As Renewable Portfolio Grows, Texas Becoming More Vulnerable to Curtailments: EIA

July 25, 2023

by Peter Maloney
APPA News
July 25, 2023

Renewable generation is growing quickly in Texas’ electric market, but the state is at risk of rising curtailments unless transmission resources also increase, according to the Department of Energy’s Energy Information Administration.

In A Case Study of Transmission Limits on Renewables Growth in Texas, the EIA projects that wind and solar generating capacity in the Electric Reliability Council of Texas region will double by 2035.

In a November 2022 study supporting the Public Utility Commission of Texas’ proposed market reforms, the PUCT projected total variable renewable capacity additions in its base case scenario to be 33 gigawatts by 2035, with the vast majority coming from solar installations.

Over the past two years, solar capacity additions exceeded all competing alternatives, representing 46 percent of all additions from 2020 to 2022 compared with 37 percent for wind, 10 percent for battery storage, and 7 percent for natural gas.

In 2022, solar capacity represented about 5 percent of ERCOT’s generation, the EIA report said, adding that by 2024 Texas is projected to lead the nation in solar power growth, overtaking California.

Much of the growth in Texas’ solar power is occurring in the sparsely populated western region where daytime solar power complements the region’s abundant wind generation that is more productive in the evening and night.

In its analysis, EIA said it assumed there would be “no significant upgrades” made to the ERCOT transmission grid, which allowed the agency to isolate how the existing transmission system affects future renewable generation.

On days with more wind and solar generation and strong demand, limited transmission capacity restricted wind and solar generation flows and curtailments occurred, accounting for 36 percent of the projected curtailments in 2035, the EIA report found, adding that transmission-constraint curtailments could be reduced by upgrading the transmission system.

The EIA analysis also found that 64 percent of the wind and solar curtailments happened when the energy supply from high wind and solar resources outpaced low demand. An increase in demand, such as through battery charging, could potentially reduce those types of curtailments, the report found.

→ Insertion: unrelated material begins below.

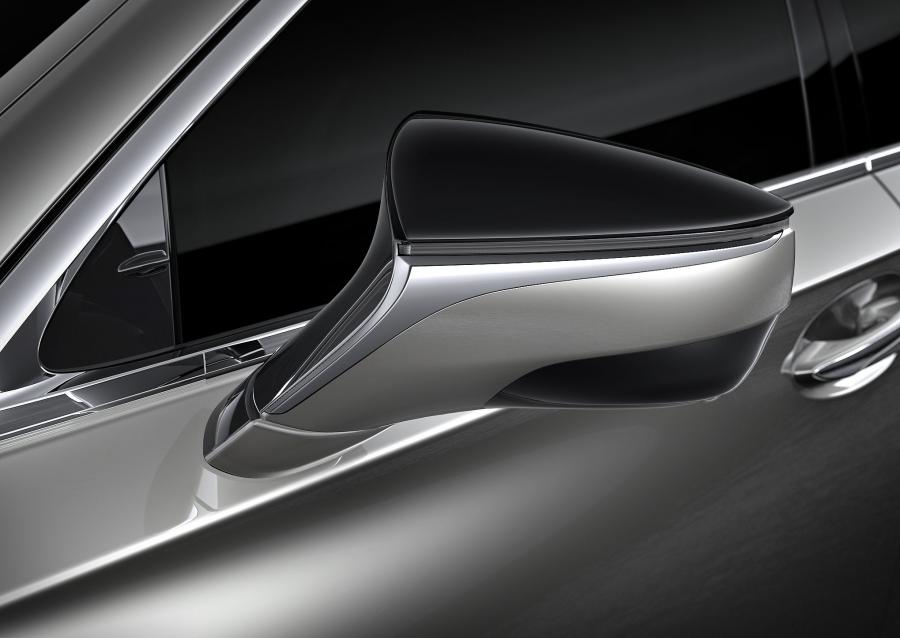 Детали экстерьера Lexus LS500h AWD 2020 года  (WW) (фото 9 из 27)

In 2022, ERCOT curtailed 5 percent of its total available wind generation and 9 percent of total available utility-scale solar generation. By 2035, however, the EIA projects wind curtailments in ERCOT could increase to 13 percent of total available wind generation, and solar curtailments could reach 19 percent.

“Understanding the source of the renewable curtailments is key to developing a long-term plan that not only includes renewable capacity, but one that seeks to maximize the value of renewable assets to the grid by investing in curtailment mitigation to support load-shifting programs or assets, ranging from time-of-use pricing to utility scale batteries,” the report concluded.